Seu colapso causaria a ocorrência de invernos muitos mais frios e verões muito mais quentes na Europa, cujo clima ficaria semelhante ao da Sibéria, só que piorado, o que inviabilizaria a vida na Europa como vemos hoje. Além disso, haveria impactos ainda imprevisíveis, mas certamente de grande escala, no clima global, provavelmente com intensificação dos eventos extremos de tempestades, ondas de calor e secas. É quase impensável. Mas pode acontecer antes do que o previsto.
Tempestade perfeita
E se várias coisas acontecerem ao mesmo tempo? Como sabemos, os sistemas naturais são complexos e não-lineares3. E estão interconectados. Assim, o derretimento do permafrost causaria o aumento da temperatura global, que levaria ao derretimento das capas de gelo, afetando o nível do mar e o padrão de circulação dos oceanos, que por sua vez influenciam o clima, provocando mais tempestades, ondas de calor e seca, e assim por diante.

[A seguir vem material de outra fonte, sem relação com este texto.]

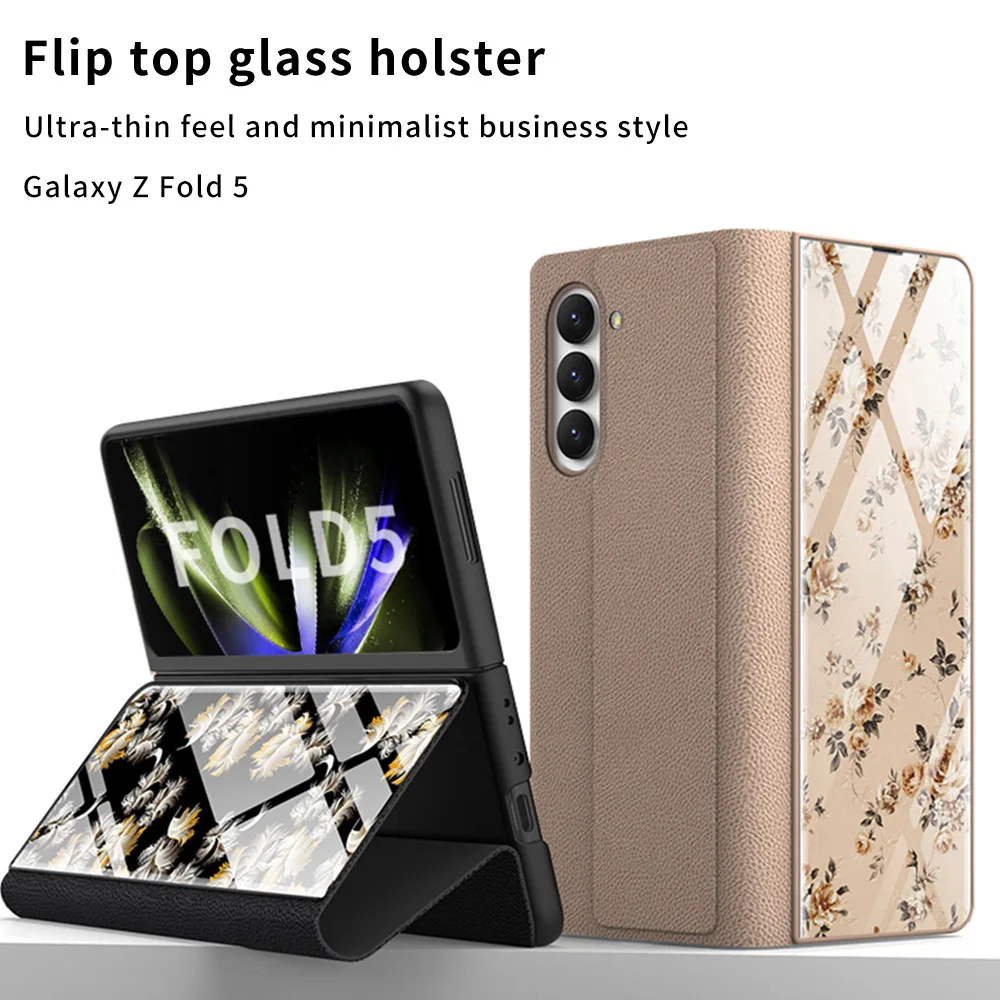 

Front is Tempered Glass Flip Case For Samsung Galaxy Z Fold 5 Case For SM-F9460 Case W24 Case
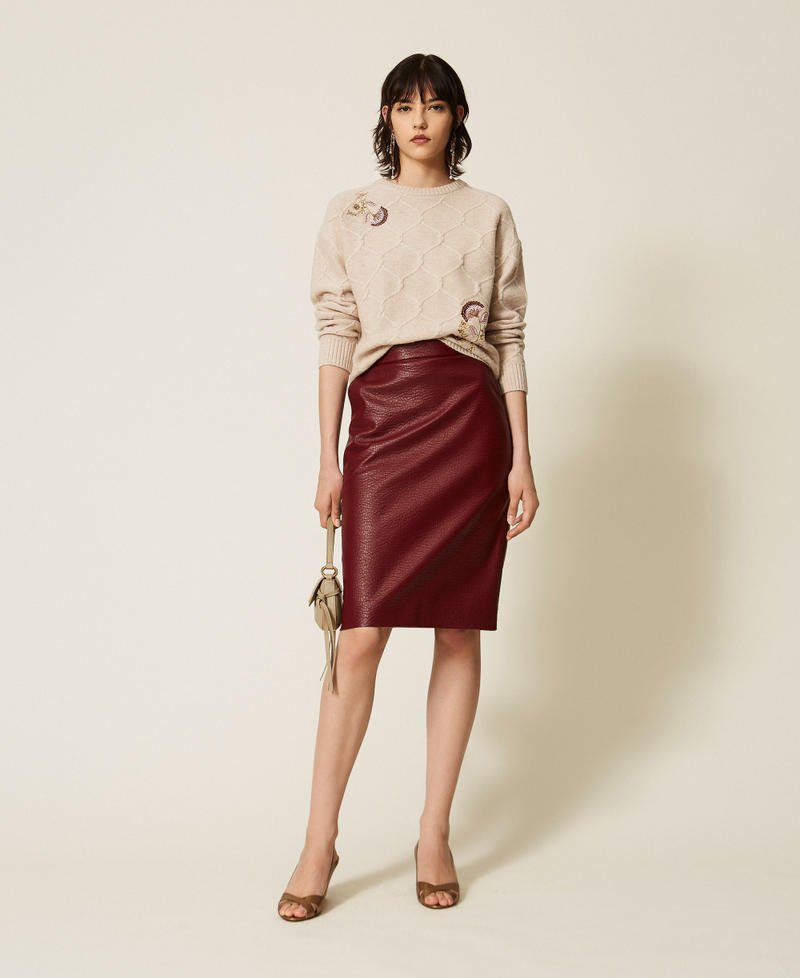 Crew neck wool jumper with floral embroidery Light Beige Melange Woman 262AP3191_13870_01
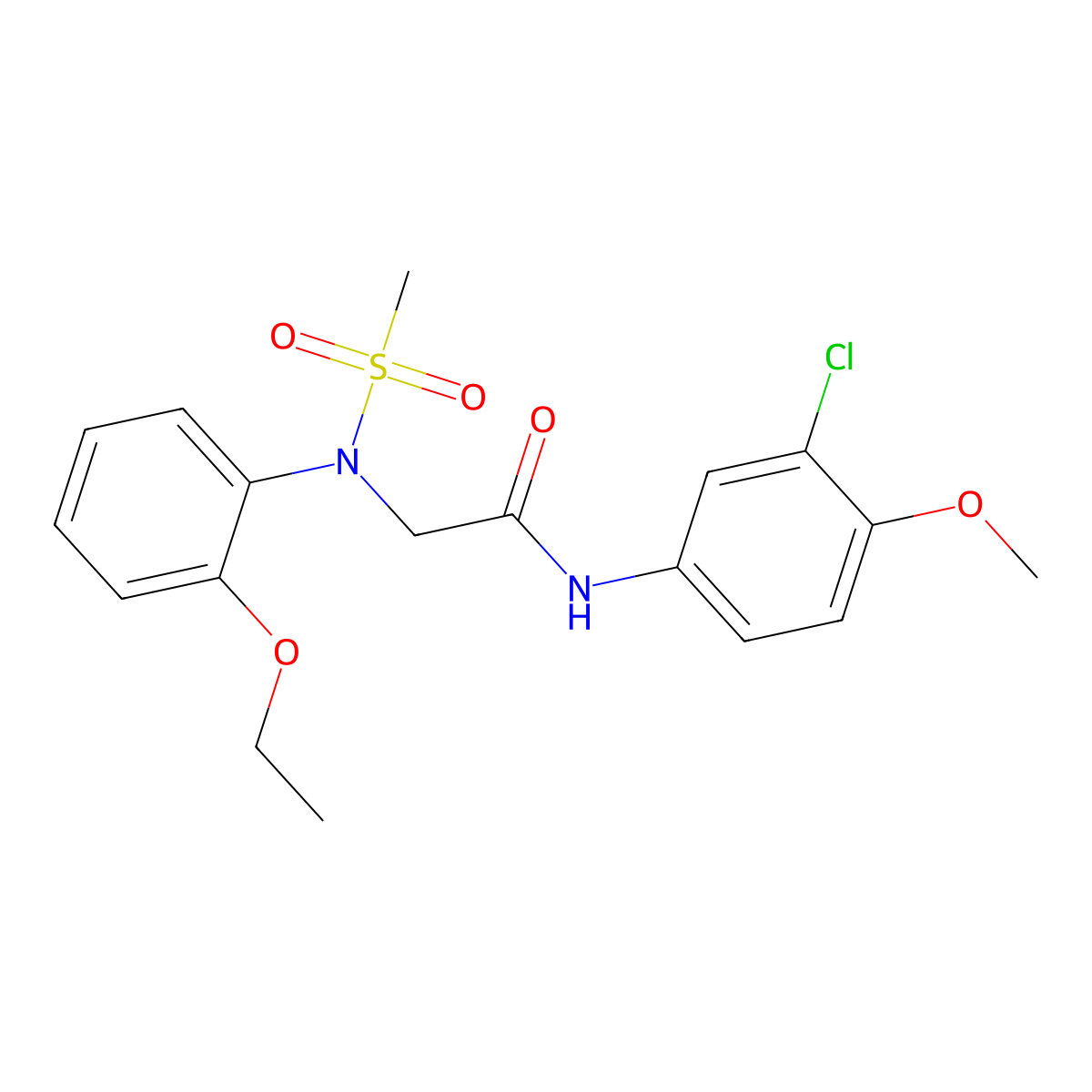 N-(3-chloro-4-methoxyphenyl)-2-[2-ethoxy(methylsulfonyl)anilino]acetamide molecular structure, CAS 335208-72-5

Se os processos que descrevi acima ocorrerem simultaneamente e de forma mais acelerada do que o previsto no momento (e até cientistas sérios estão sendo surpreendidos pela rapidez com que as coisas estão acontecendo) o cenário para o mundo, sem exagero, é apocalíptico.

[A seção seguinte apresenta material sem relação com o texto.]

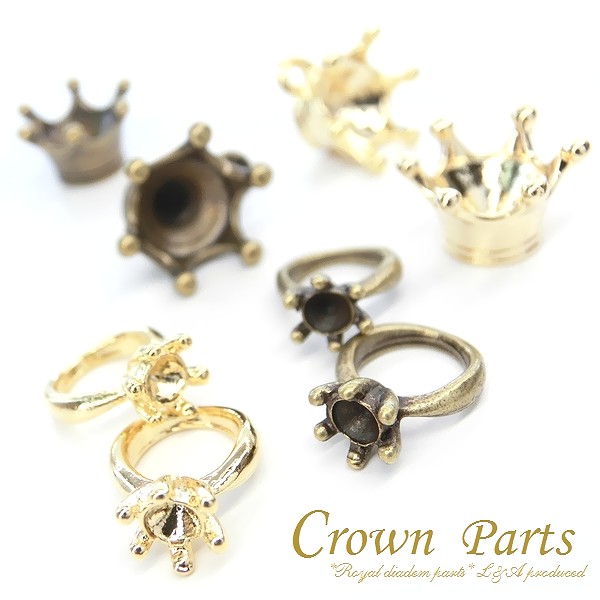 ★L&A Original Parts★Crown Parts★デコ土台★金古美&K16GP★ハンドメイド用♪ 土台&台座★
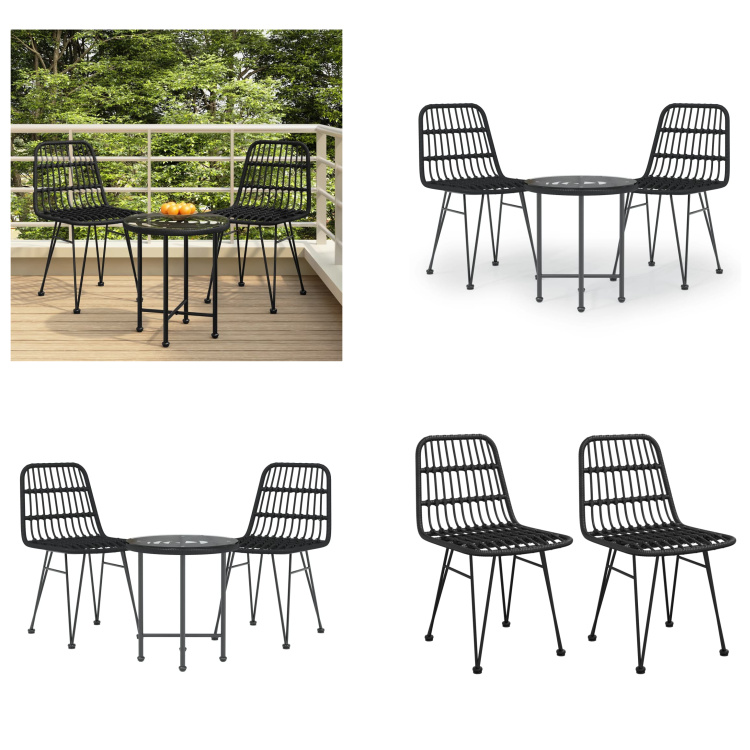 vidaXL 3-częściowy ogrodowy zestaw jadalniany z czarnego polirattanu - ogrodowy zestaw jadalniany - ogrodowy zestaw jadalniany - zestaw jadalniany na taras - zestaw jadalniany na zewnątrz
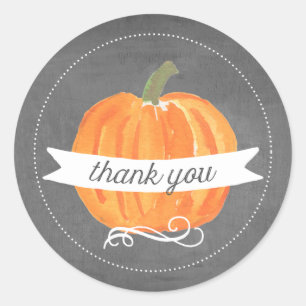 Sticker Rond Tableau peu d'autocollants de Merci de citrouille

Bilhões de pessoas teriam que deixar suas casas, regiões e até países em busca de condições em que possam sobreviver, causando o colapso total da sociedade moderna. Devemos torcer para não acontecerem, mas é melhor estarmos preparados para o pior.
So long…
Esta é a última das colunas desta minha primeira temporada na Sler. Preciso agora de um período sabático para me dedicar ao projeto do meu novo livro, onde pretendo investigar como será a vida da humanidade no planeta em transformação tornado, por nós mesmos, muito mais hostil para a vida humana.
Mas não pretendo deixar a Sler. Todos os meses, enviarei aos editores um artigo que poderá ou não ser publicado no tempo e na forma que forem melhores para a plataforma. Nessa nova série, meu foco será nas soluções para os problemas apresentados no livro Planeta Hostil e nas colunas da Sler. Espero continuar contando com a companhia de vocês.
Abraços e até breve!
1O livro “Planeta Hostil” descreve de forma abrangente os processos de degradação ambiental do planeta. Pode ser uma leitura difícil, mas é necessária. O livro pode ser adquirido em livrarias físicas e online de todo o Brasil, no site da editora Matrix (www.matrixeditora.com.br) e em lojas online.
2Processo de retroalimentação (feedback) é todo processo cujo resultado afeta a causa inicial. Como por exemplo: o aumento da temperatura global causa o aumento dos incêndios florestais, que liberam carbono para a atmosfera, contribuindo para o aumento da temperatura.
3Apresentei uma descrição de sistemas complexos não lineares numa coluna anterior aqui da Sler.